Your assignment. Give every entry again, word for word.

Recorded information.

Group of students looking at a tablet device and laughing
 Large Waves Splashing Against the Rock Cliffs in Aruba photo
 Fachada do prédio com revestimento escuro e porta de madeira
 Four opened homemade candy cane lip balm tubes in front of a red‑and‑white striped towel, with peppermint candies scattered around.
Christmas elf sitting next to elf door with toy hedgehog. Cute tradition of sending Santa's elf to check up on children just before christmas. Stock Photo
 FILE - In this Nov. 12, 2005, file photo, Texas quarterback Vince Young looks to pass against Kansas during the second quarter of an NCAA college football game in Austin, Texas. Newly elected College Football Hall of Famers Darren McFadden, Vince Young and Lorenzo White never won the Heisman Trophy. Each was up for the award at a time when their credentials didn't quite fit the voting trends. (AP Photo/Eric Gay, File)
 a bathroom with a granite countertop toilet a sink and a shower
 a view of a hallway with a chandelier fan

Solved problem.
Group of students looking at a tablet device and laughing
 Large Waves Splashing Against the Rock Cliffs in Aruba photo
 Fachada do prédio com revestimento escuro e porta de madeira
 Four opened homemade candy cane lip balm tubes in front of a red‑and‑white striped towel, with peppermint candies scattered around.
Christmas elf sitting next to elf door with toy hedgehog. Cute tradition of sending Santa's elf to check up on children just before christmas. Stock Photo
 FILE - In this Nov. 12, 2005, file photo, Texas quarterback Vince Young looks to pass against Kansas during the second quarter of an NCAA college football game in Austin, Texas. Newly elected College Football Hall of Famers Darren McFadden, Vince Young and Lorenzo White never won the Heisman Trophy. Each was up for the award at a time when their credentials didn't quite fit the voting trends. (AP Photo/Eric Gay, File)
 a bathroom with a granite countertop toilet a sink and a shower
 a view of a hallway with a chandelier fan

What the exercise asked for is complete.